After her husband was cured, she called multiple architects to get a plan for the construction of the temple. Most of the architects explained that a full temple would take months or years to build. king and queen grew frustrated after meeting all these architects because it was not possible for the queen to fast for months of years.

Then an architect Kokasa came with a claim that he will work on the temple and the top would be visible within a week. So, the queen can break her fast in a week. For making this possible, he started building the temple from the top down by carving into a big solid rock and built the top part of the temple.

Unfortunately, no one knows how long it took to carve the whole Kailasa temple. There is no written record of how such a masterpiece was built and what resources were used. Most of the tales suggest 18 years, but it seems impossible to build this kind of temple by carving a solid rock from top to bottom in just 18 years. We can now only guess the greatness of engineering we had in past.

Out of 34 temples in this area, only Kailasa stands out and is visible from the air if you fly over. It also shows X mark from the top and same is visible even in the aerial view of Kailasa temple on Google earth. The temple has a circular design that is studded with 4 lions. These 4 lions create this huge X mark. Was this X mark created so that one can spot the location while flying?

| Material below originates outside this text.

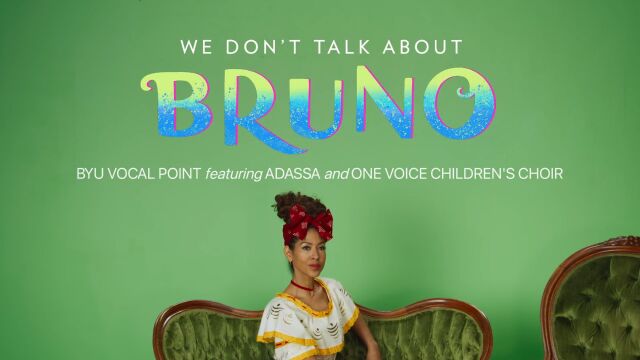 【阿卡贝拉】杨百翰大学男生组合演唱《魔法满屋》插曲“We Don't Talk About Bruno”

Arial view of Kailasa Temple

Aurangzeb Could Not Destroy it

Mughal emperor Aurangzeb always hated the glory of Hindu history and Hindu temples. He demolished several temples to build a mosque. The same he tried to do with Kailasa Temple. After his ordered to demolish of Kailasa temple in 1682, 1000 laborers worked day and night for over 3 years but they could only disfigure a few statues here and there. Aurangzeb finally gave up. The attempted destruction also shows how strong the rock is, but the same rock was carved to build this big temple from top to bottom.

The sad reality of Indian historians is that they glorify Mughals but ignore wonders like Kailasa Temple that is a real architectural Wonder.

How to reach the Kailasa temple?

Kailasha Temple is located at a distance of 30 km from Aurangabad city in Maharashtra. Aurangabad is well connected to Nagpur, Mumbai, and Pune by road. Its railway station is also connected to Mumbai, Ahmadabad, Hyderabad, Bhopal, Pune, Nagpur and Shirdi. Aurangabad also has an airport, so you can also take a flight from any major city.

From Aurangabad, You can hire an auto-riksha or a taxi for site seeing.

Kailasa Temple Entry fees

  • Rs. 10 per person (Indian)
  • Rs. 250 per person (Foreigner)
  • Rs. 25 per camera video photography

Where to stay?

Aurangabad is a popular tourists destination, so there are several hotels including luxury hotels like Hotel Ambassador Ajanta and Taj Residency. There are also several deluxe hotels to standard budget hotels. You can make your booking in advance.

Best time to visit Kailasa temple?

The best time to visit Aurangabad and see the Kailash Temple is the month of December. This is the time when Indian classical music festival is held at Ellora by the MTDC. If you are not interested in this festival, October to February is the best season.

Cave Timings: 6 AM to 6 PM on all days except Tuesdays.